The most recent attack has been legislatively, when Representative Dennis Kucinich (D–OH) introduced “the Gas Price Spike Act.” The provisions in the bill threaten the entrepreneurial spirit and our system of free enterprise and ignore why profits matter.
As The Hill recently reported, Kucinich’s bill amends the Internal Revenue Service code to create a windfall profits tax to kick in after profits exceed a “reasonable” amount:
[A] windfall tax of 50 percent would be applied when the sale of oil or gas leads to a profit of between 100 percent and 102 percent of a reasonable profit. The windfall tax would jump to 75 percent when the profit is between 102 and 105 percent of a reasonable profit, and above that, the windfall tax would be 100 percent.
Who determines what’s a reasonable profit? The Reasonable Profit Board, of course. The three-person board would be appointed by the President—with no confirmation process and no guidelines to determine what constitutes a reasonable profit. While constitutional originalist scholars dispute the power of Congress to delegate this much legislative discretion, unfortunately the courts have upheld similar delegations for decades.

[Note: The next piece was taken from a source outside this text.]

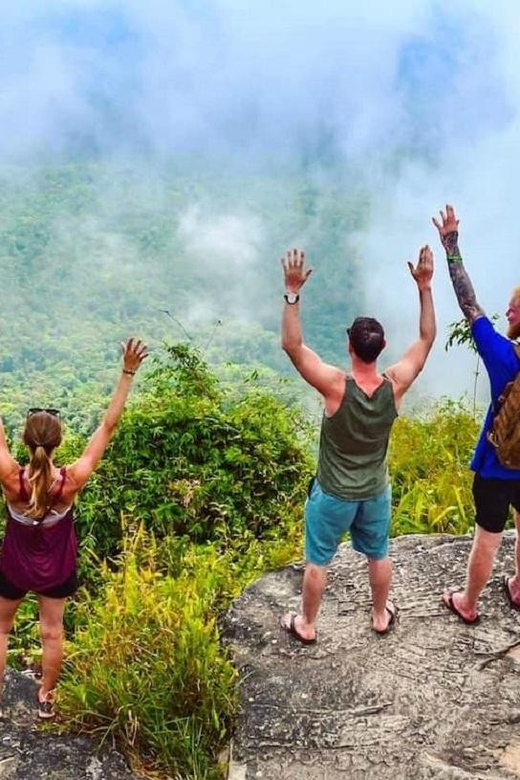 One-Day Tour in Kampot-Kep Including Bokor Nationalpark - Itinerary Highlights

The most disconcerting aspect of this legislation is that it completely ignores who owns big oil and who stands to benefit from its profits. Pension funds (31 percent), individual retirement accounts (18 percent), individual investors (21 percent), and asset management companies including mutual funds (21 percent) comprised more than 90 percent of oil and gas stocks in 2011. A recent study by the economic advisory firm Sonecon examined pensions of public state and local employees in 17 states and found that oil and gas stocks comprised 4.6 percent of the fund assets but provided almost 16 percent of the return.
This legislation seeks to create an environment where all of a company’s incentives to innovate and reinvest will be stripped away. Companies invest so they can extract oil and gas from the ground in ways that are safer and more cost-effective. Profits reward good investments just as losses punish bad investments. Profits also allow businesses to hire more workers and increase wages. Additionally, high profits in a good year can cushion the blow in a bad year so a company won’t have to move through bankruptcy or ask for a government bailout.

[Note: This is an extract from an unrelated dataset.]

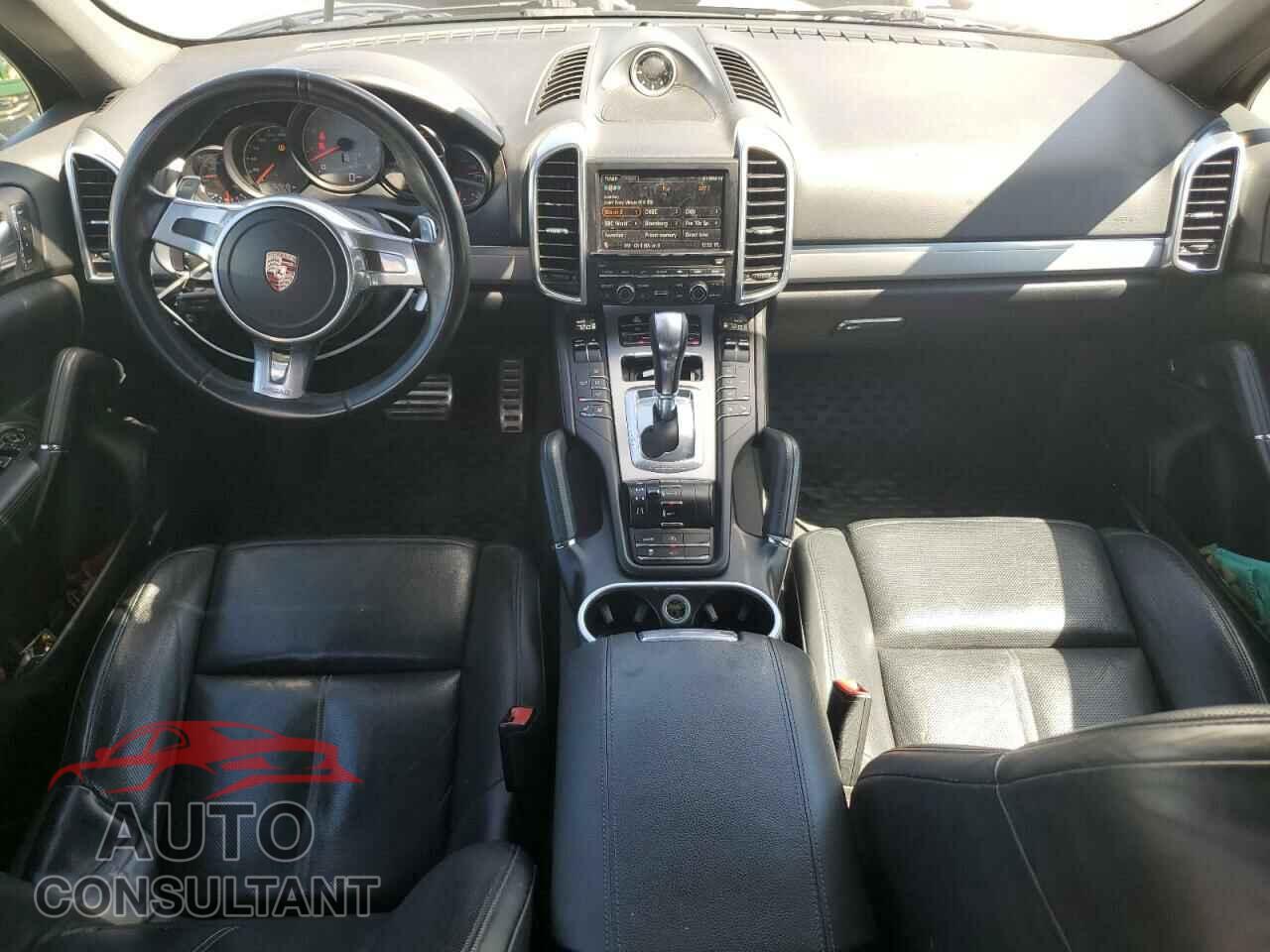 PORSCHE CAYENNE 2011 - WP1AB2A25BLA54887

So why on earth would Kucinich and his colleagues want to enact such a disastrous policy? They contend that, similar to unfounded attempts to prevent oil companies from “price gouging,” the intention is to protect Americans from high gas prices. The greatest irony of the legislation is that it would discourage domestic production, thereby decreasing the amount of oil supplied to the world market, which would lead to higher gas prices.
There are plenty of solutions that could actually lower the price of oil, such as opening up more areas for drilling and creating a timely permitting and environmental review process.
The mere suggestion of a Reasonable Profits Board means only one thing: We’ve officially reached Atlas Shrugged territory.